Now I have a script that performs the following:

  1. Parse the feed.xml into an array of entries.
  2. Converts each entry into a markdown unordered list using each feed item’s title, link and published date.
  3. Replaced the existing blog section with the new blog entries.

For the GitHub Actions my workflow job needs to:

  1. Checkout the repository.
  2. Setup Python and required modules. Use actions/cache to cache any installed PIPs to improve performance
  3. Update the README.md with the above script.
  4. Commit the README.md file and push any changes.

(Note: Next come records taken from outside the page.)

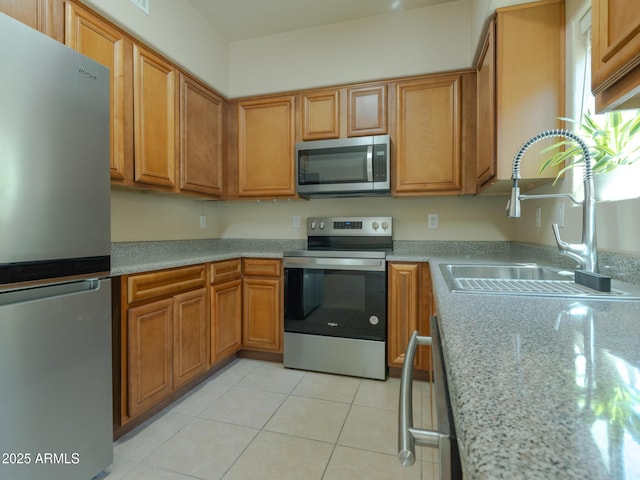 2826 E Tracy Ln Unit 3, Phoenix, AZ 85032 - kitchen with appliances with stainless steel finishes, a sink, brown cabinets, and light tile patterned flooring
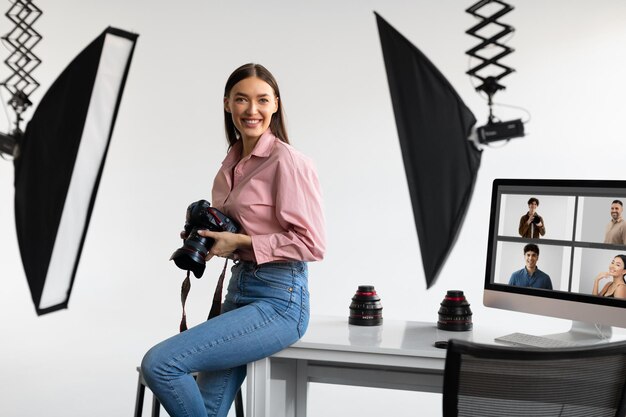 Foto feliz fotógrafa creativa sentada en el lugar de trabajo de la mesa sosteniendo su cámara réflex digital trabajando en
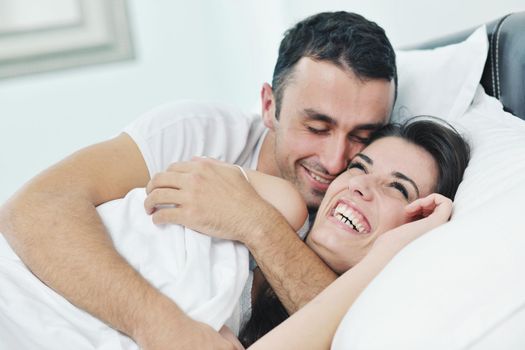 happy young healthy people  couple have good time in their bedroom make love and sleep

Under your profile repository go to the Actions panel and create a new workflow. You can choose ready made workflows, but I chose to skip and setup a workflow myself. You then create and commit the generated YAML file in the .github/workflows folder using a suitable name.

Something like this:

# This is a basic workflow to help you get started with Actions

name: CI

# Controls when the workflow will run
on:
  # Triggers the workflow on push request events but only for the main branch
  push:
    branches: [ main ]
  # Triggers the workflow on a cron schedule - daily at 21:43.
  schedule:
    - cron: '43 21 * * *'

  # Allows you to run this workflow manually from the Actions tab
  workflow_dispatch:

# A workflow run is made up of one or more jobs that can run sequentially or in parallel
jobs:
  # This workflow contains a single job called "update"
  update:
    # The type of runner that the job will run on
    runs-on: ubuntu-latest

    # Steps represent a sequence of tasks that will be executed as part of the job
    steps:
      # Checks-out your repository under $GITHUB_WORKSPACE, so your job can access it
      - name: Checkout Repository
        uses: actions/checkout@v2.3.4

      # Sets up Python to run the script.
      - name: Setup Python
        uses: actions/setup-python@v2.2.2
        with:
          python-version: '3.9'

      # Configure caching of installed PIPs to improve performance.
      - name: Cache Python PIPs
        uses: actions/cache@v2.1.6
        with:
          path: ~/.cache/pip
          key: ${{ runner.os }}-pip-${{ hashFiles('**/requirements.txt') }}
          restore-keys: |
            ${{ runner.os }}-pip-

      # Install Python modules listed in requirements.txt
      - name: Install Python requirements
        run: |
          python -m pip install -r requirements.txt

      # Run the script to update the README.md
      - name: Update README
        run: |
          python update_readme.py
          cat README.md

      # Commit any changes found (the || exit 0 skips a git push if nothing to commit)
      - name: Commit Changes
        run: |
          git config user.name github-actions
          git config user.email github-actions@github.com
          git add .
          git commit -m "Updated README.md" || exit 0
          git push

The push of changes only occurs if git commit finds something. The || exit 0 executes when git commit returns a non-zero exit code. Git commit does if there is nothing to commit. Read it like “git commit or exit 0”. When git commit works, it’s 0 exit code means git push will execute.

The workflow runs daily, or whenever I update the repository manually. The workflow_dispatch line allows manual execution from within the GitHub UI.

Overall GitHub Actions has lots of potential. With some awesome actions, so much will be possible.